The problem | Set the records down again, exactly, without their images.

Start of Data to process

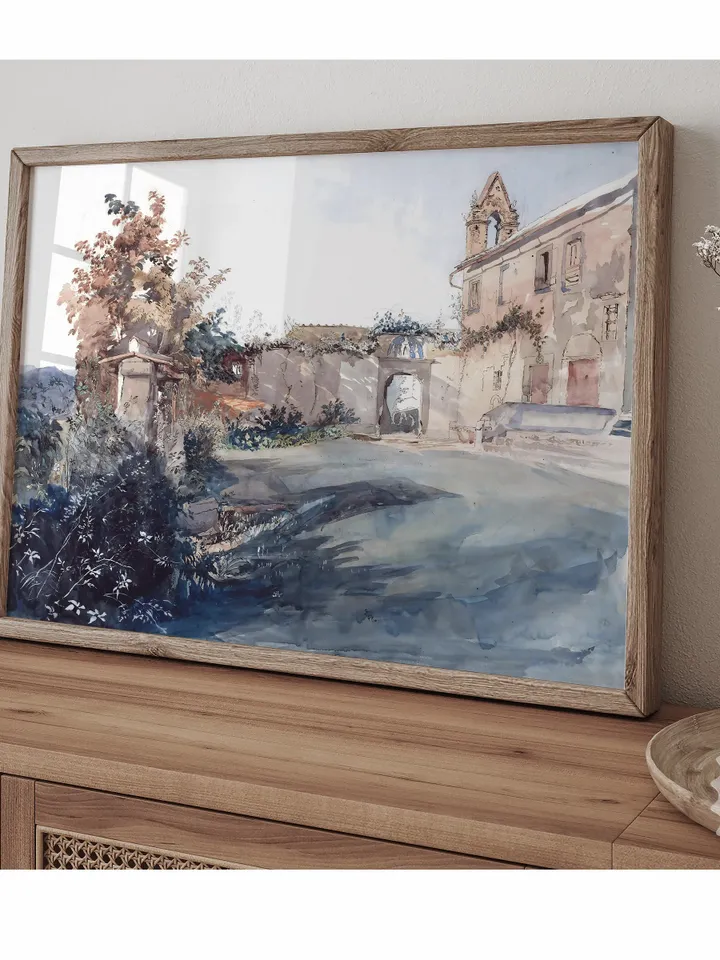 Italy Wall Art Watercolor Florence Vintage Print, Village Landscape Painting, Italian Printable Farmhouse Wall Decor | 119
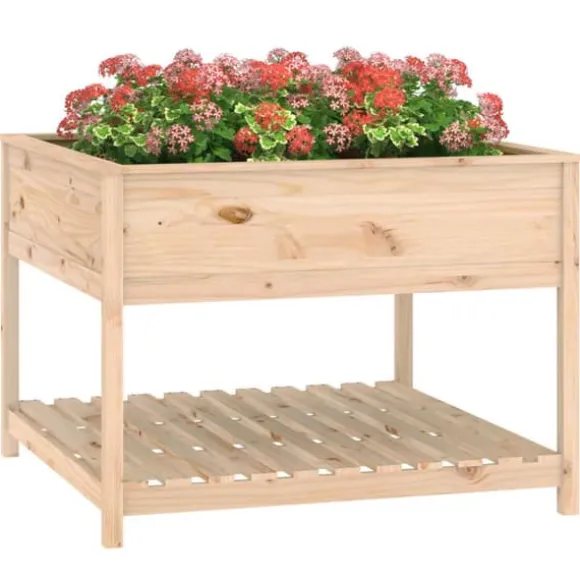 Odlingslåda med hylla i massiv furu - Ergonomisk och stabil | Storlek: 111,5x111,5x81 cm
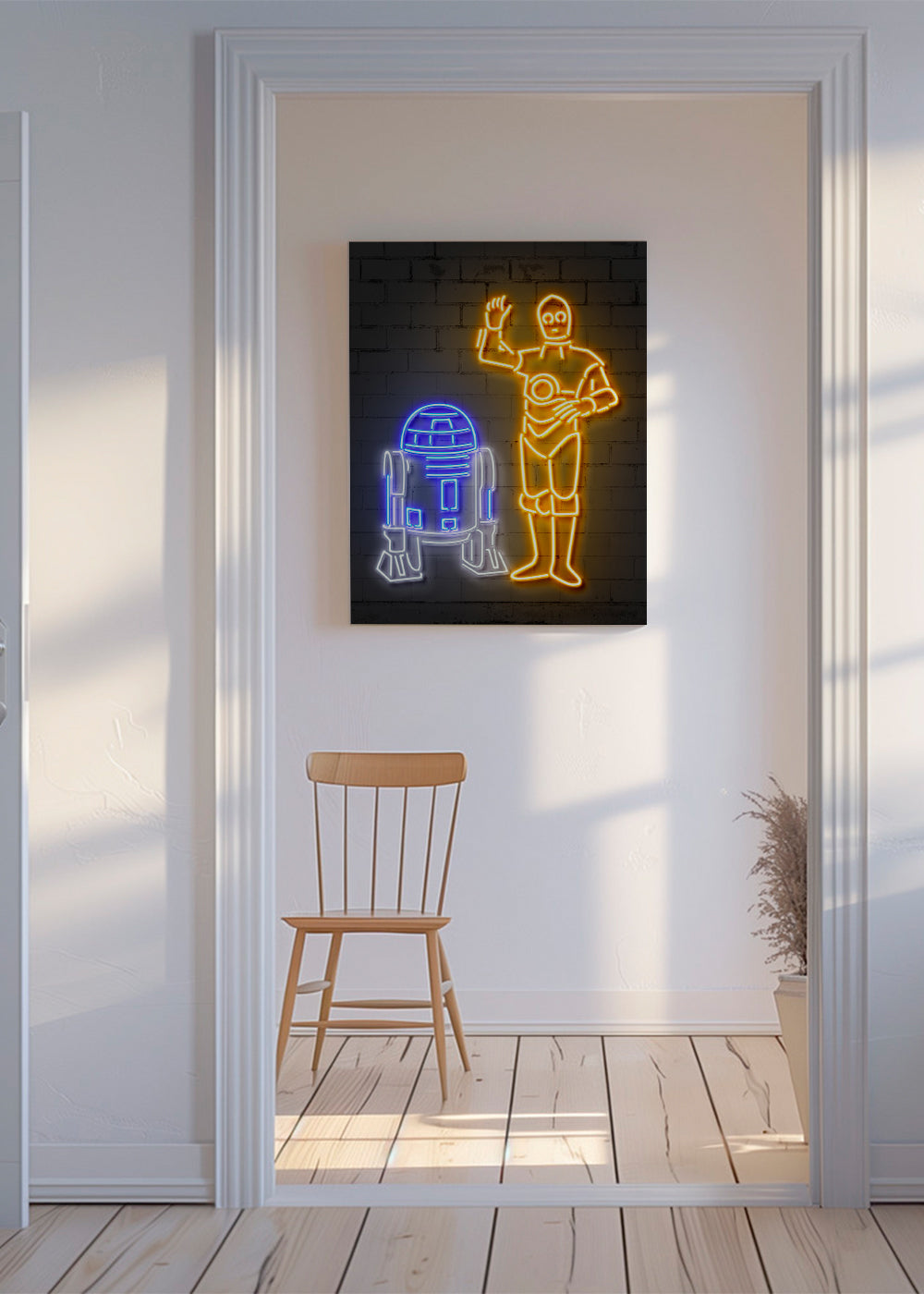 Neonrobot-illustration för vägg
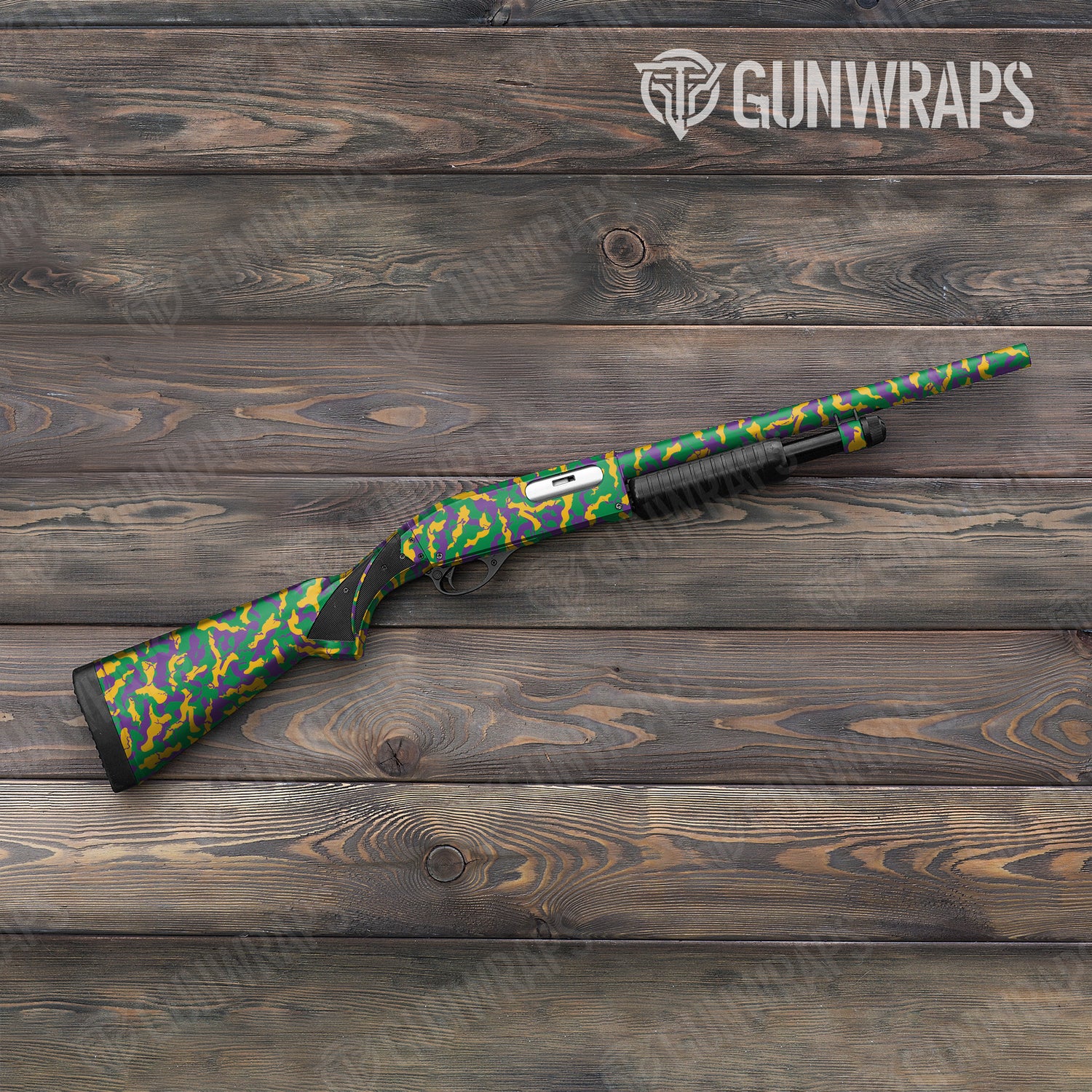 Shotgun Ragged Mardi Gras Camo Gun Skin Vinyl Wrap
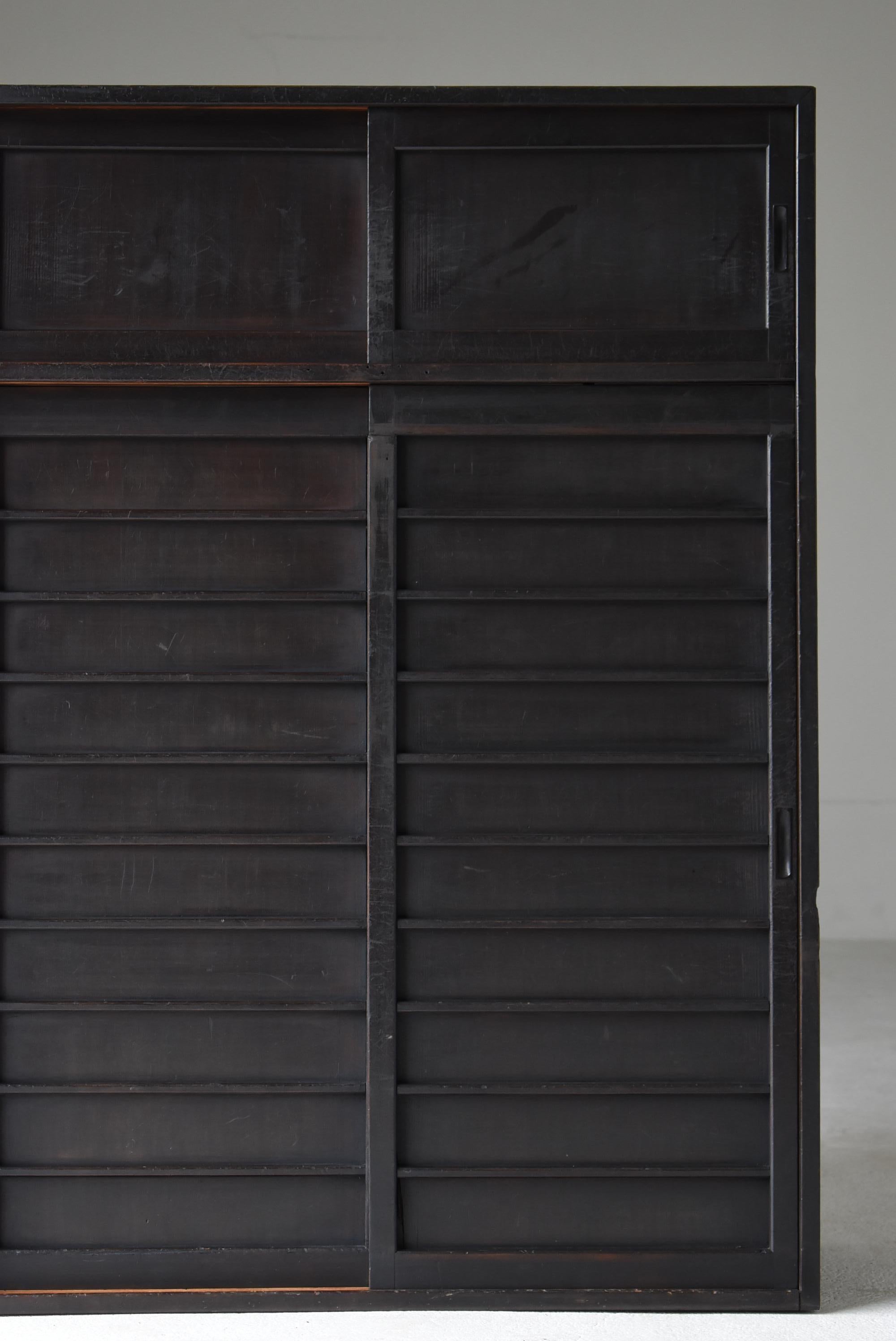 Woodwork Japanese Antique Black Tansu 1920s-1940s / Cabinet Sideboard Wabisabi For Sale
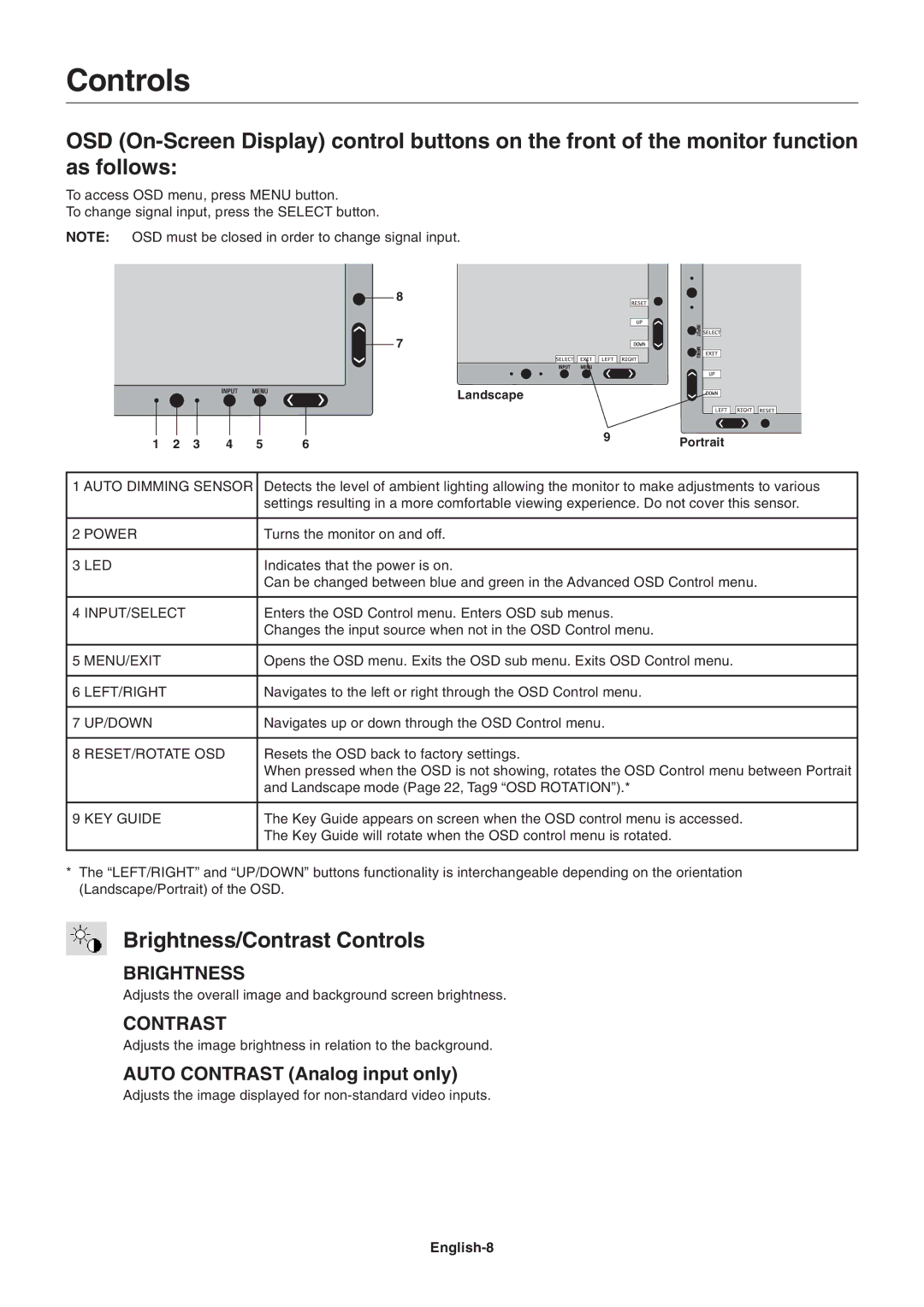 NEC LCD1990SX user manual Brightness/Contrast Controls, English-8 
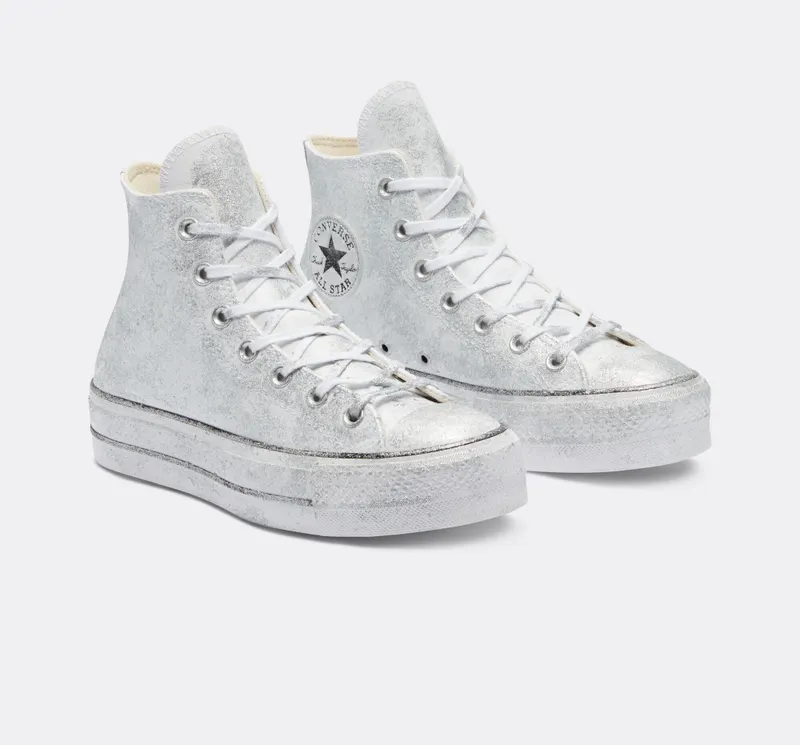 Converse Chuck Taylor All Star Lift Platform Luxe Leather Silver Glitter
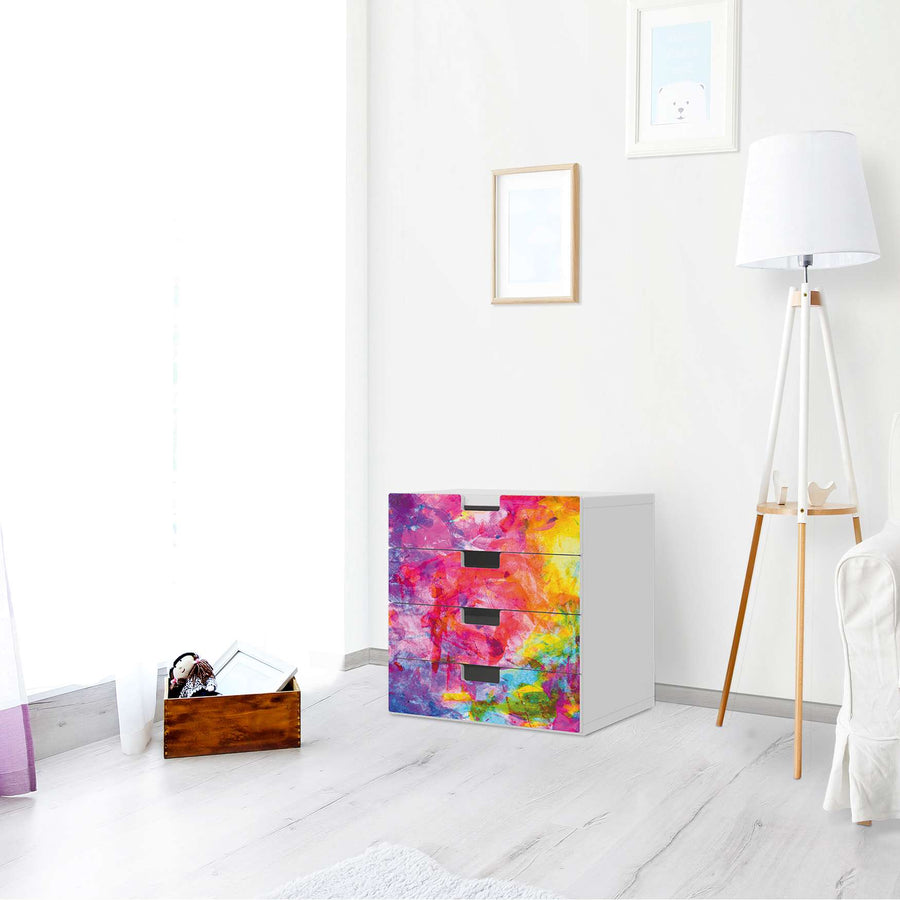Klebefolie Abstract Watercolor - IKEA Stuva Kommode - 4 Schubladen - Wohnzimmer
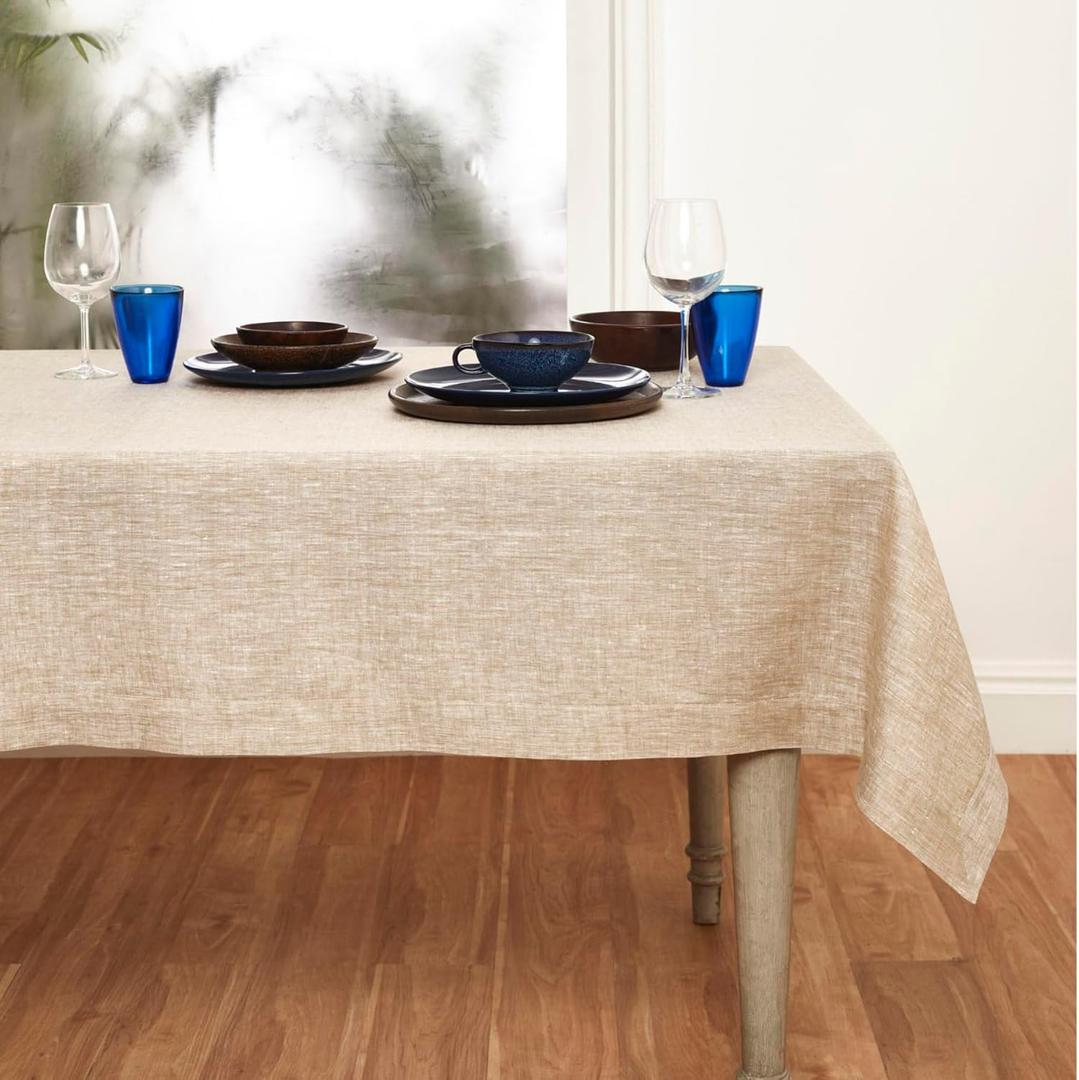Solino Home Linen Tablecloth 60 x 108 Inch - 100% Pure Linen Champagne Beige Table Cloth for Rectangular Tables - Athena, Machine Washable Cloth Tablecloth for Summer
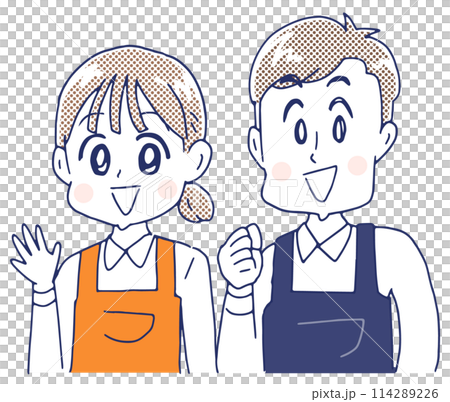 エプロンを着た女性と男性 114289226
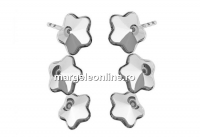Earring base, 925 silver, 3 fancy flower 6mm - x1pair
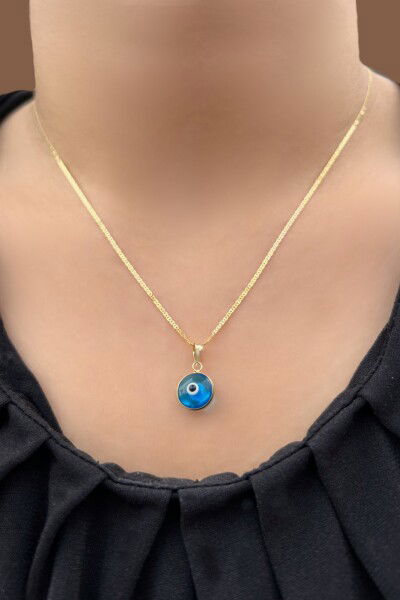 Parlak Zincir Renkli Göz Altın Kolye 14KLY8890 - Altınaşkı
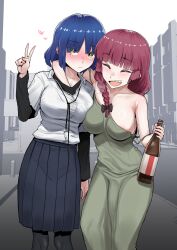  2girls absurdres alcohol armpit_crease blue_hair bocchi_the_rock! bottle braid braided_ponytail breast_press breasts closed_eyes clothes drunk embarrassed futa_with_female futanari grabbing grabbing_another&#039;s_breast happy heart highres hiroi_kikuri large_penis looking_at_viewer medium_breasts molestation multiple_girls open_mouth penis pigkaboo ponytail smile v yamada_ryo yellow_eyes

End of Data to process

Reply to the exercise |
 Italy Wall Art Watercolor Florence Vintage Print, Village Landscape Painting, Italian Printable Farmhouse Wall Decor | 119
 Odlingslåda med hylla i massiv furu - Ergonomisk och stabil | Storlek: 111,5x111,5x81 cm
 Neonrobot-illustration för vägg
 Shotgun Ragged Mardi Gras Camo Gun Skin Vinyl Wrap
 Woodwork Japanese Antique Black Tansu 1920s-1940s / Cabinet Sideboard Wabisabi For Sale
 NEC LCD1990SX user manual Brightness/Contrast Controls, English-8 
 Converse Chuck Taylor All Star Lift Platform Luxe Leather Silver Glitter
Klebefolie Abstract Watercolor - IKEA Stuva Kommode - 4 Schubladen - Wohnzimmer
Solino Home Linen Tablecloth 60 x 108 Inch - 100% Pure Linen Champagne Beige Table Cloth for Rectangular Tables - Athena, Machine Washable Cloth Tablecloth for Summer
 エプロンを着た女性と男性 114289226
Earring base, 925 silver, 3 fancy flower 6mm - x1pair
 Parlak Zincir Renkli Göz Altın Kolye 14KLY8890 - Altınaşkı
  2girls absurdres alcohol armpit_crease blue_hair bocchi_the_rock! bottle braid braided_ponytail breast_press breasts closed_eyes clothes drunk embarrassed futa_with_female futanari grabbing grabbing_another&#039;s_breast happy heart highres hiroi_kikuri large_penis looking_at_viewer medium_breasts molestation multiple_girls open_mouth penis pigkaboo ponytail smile v yamada_ryo yellow_eyes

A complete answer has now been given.